Aslında bu kadar olay olmayabilirdi eğer öneriler dikkate
alınsaydı. İnsanlar birbirlerini dinleye, anlayabilseydi. En azından buna çaba gösterseydi
şimdi durum çok daha farklı olurdu.. Keşkeleri doğurmamak için birazcık çaba
gösterilseydi böyle olmazdı..
Öyle büyük bir kitleye sahipti bu dizi ben hep derdim bu
kitleyi kaybetmeyi göze alan kanal ve yapım ya kördür ya da kördür başka
açıklaması olamazdı..
Dizinin final karanını aldığı günden beri 1 milyonlar eskiten
bir kitleden bahsediyorum size..
SavNaz ve AlSel olarak iki fandoma ayrılan insanlar kendi iç
savaşlarını bir kenara bırakmış artık tek yumruk halinde kanala ve yapıma
yürümeye başlamış..
Defalarca Trend Topic olmuş hatta 1 milyonu aşmıştı. Gecelerinin
gündüzlerine katarak güneş karanlığın ortasında doğabiliyorsa umut her zaman
vardır deyip, umut yolculuğuna çıkmışlardı.. Azimlerini alkışlamaya değerdi..

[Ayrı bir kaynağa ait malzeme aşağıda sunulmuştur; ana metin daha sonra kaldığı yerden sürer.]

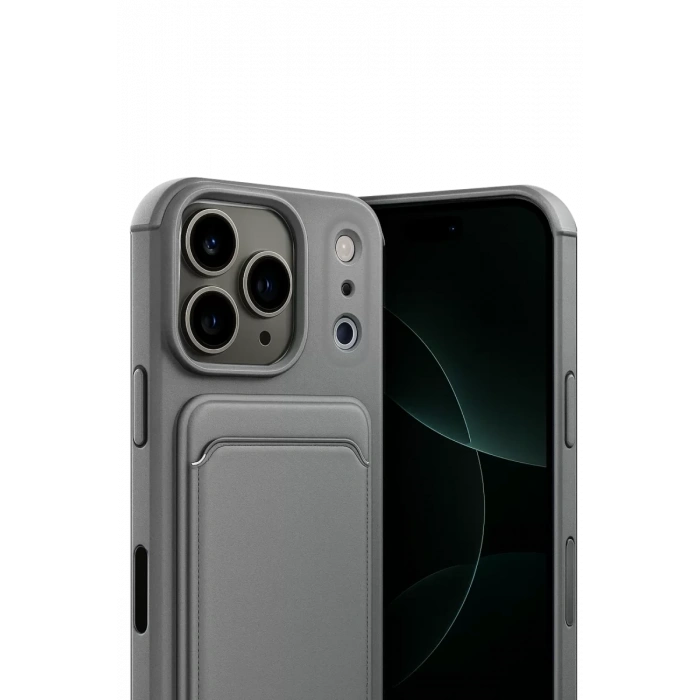 Apple iPhone 17 Pro Kelvin Kartvizitli Silikon - Gri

Güneşin Kızları Fandom’u azmin ve umudun örneği oldu resmen..
Ama umut edip hemen sonuca ulaşmakta olamazdı tabi ki..Öyle bir
şeydir ki umut; işte bitti, gitti
dediğinde tekrar başlıyor, karanlık ve gözyaşı dolu bir geceden sonra sabah
oluşu gibi, güneşin doğuşuna da batışına da, güneş gibi gecenin de var olduğuna
alışmalı ve bunu bilerek yaşamalı insan ve güzel güneşli günler istiyorsa sabretmeli
insan.. Belki de ölümsüz olan tek şey umuttu o yüzden hiç bıkmadan, yorulmadan
bu kadar çaba sarf ediyordu insanlar..
Diziyi ayakta tutmak için onca insan uğraşıp, çaba gösterirken
nasıl umutları yıkarak, bunca insanın sevgisine acımadan kesilip atılabildi ki
o parmak? Demek ki fazla değer vermeyecek ve fazla sevmeyeceksin sonda üzülmek
istemiyorsan.. Şimdi nasıl umutları güneş gibi aydın olan bu insanlar
sevdikleri dizilerine veda edecek?
Seven insanlar için vedalar doğru değil… 39 haftalık bu güzel bağ elvedalar, hoşçakallarla
süslenmiş buruk cümleler, yarım tebessümler arkasında kalan gözyaşlarıyla mı
bitecekti? Biz şimdi bir daha asla Hırçın kız Nazlı’yı, Karanlık Çocuk Savaş’ı,
Koca gözlü Selin’i ve Uzaydaki mavi gözlü çocuk Ali'yi göremeyeceğiz değil mi?!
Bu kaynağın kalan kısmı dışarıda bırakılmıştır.